◆ **Exercise description**
Using the listing below, give again exactly the lines from the line with "G-plus Door Panel" to the line with "hype Chanel Sneakers", inclusive, without the pictures.

◆ **Extracted entries**
%%

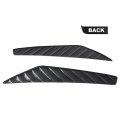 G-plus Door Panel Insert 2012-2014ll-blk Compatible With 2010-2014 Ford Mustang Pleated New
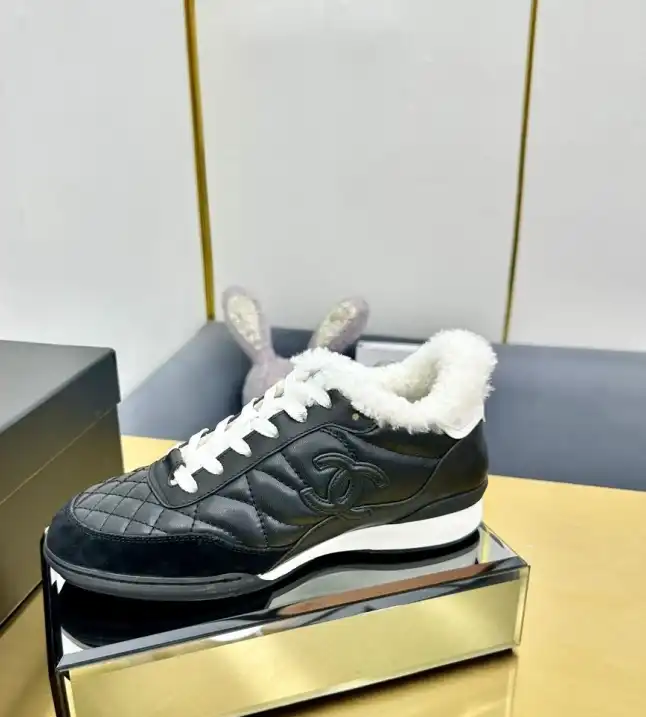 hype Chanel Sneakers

%%
%%

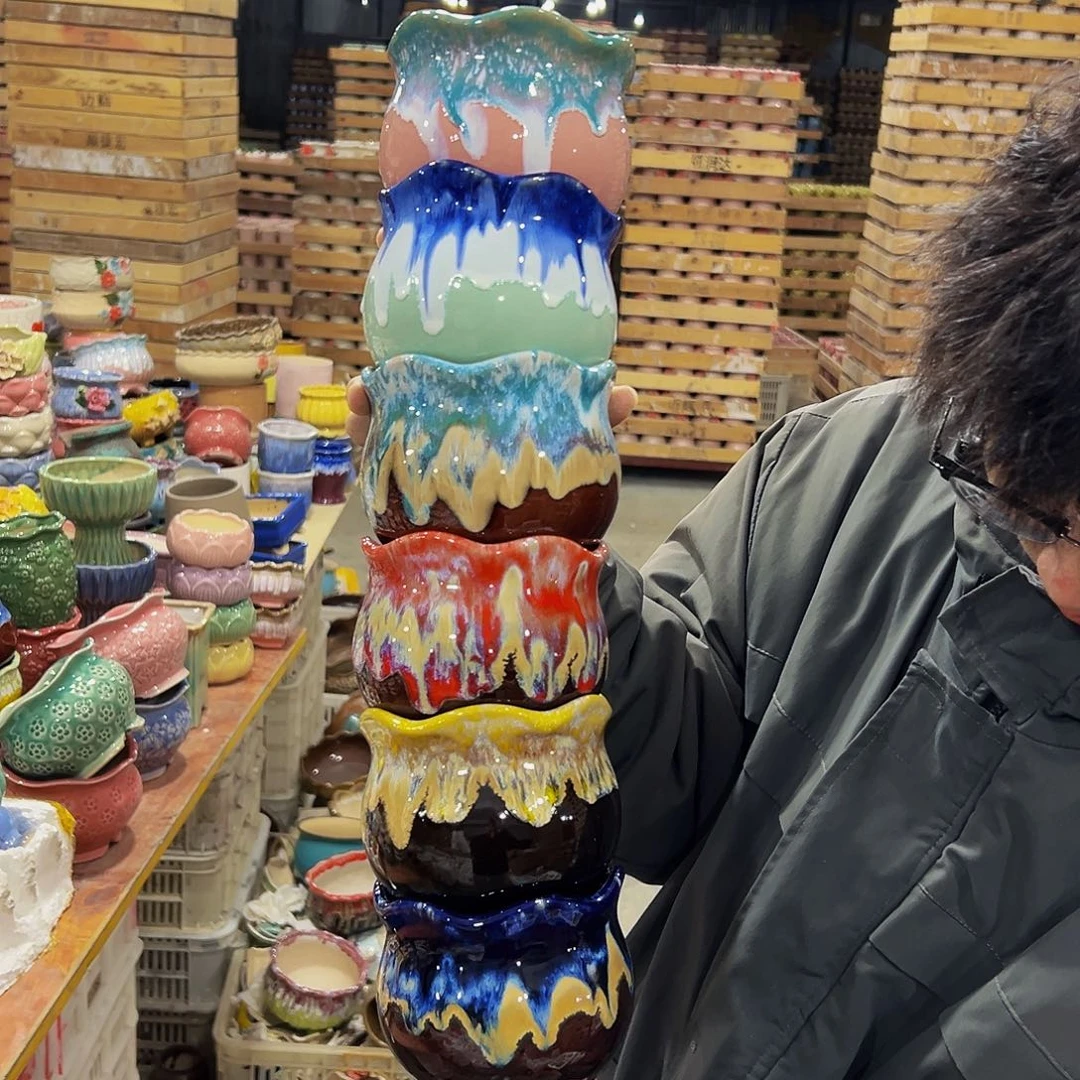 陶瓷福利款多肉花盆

%%
%%

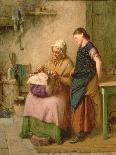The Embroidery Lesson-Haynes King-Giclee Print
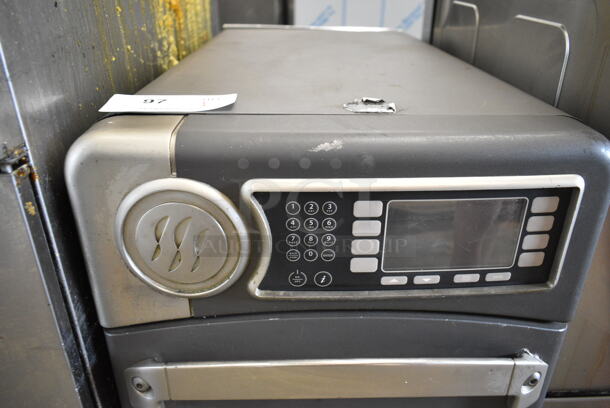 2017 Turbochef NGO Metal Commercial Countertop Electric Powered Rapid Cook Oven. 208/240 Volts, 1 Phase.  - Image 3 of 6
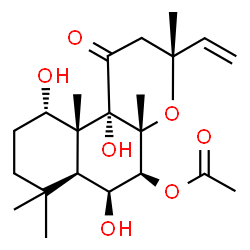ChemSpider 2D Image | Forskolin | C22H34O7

%%

◆ **Written solution**
 G-plus Door Panel Insert 2012-2014ll-blk Compatible With 2010-2014 Ford Mustang Pleated New
 hype Chanel Sneakers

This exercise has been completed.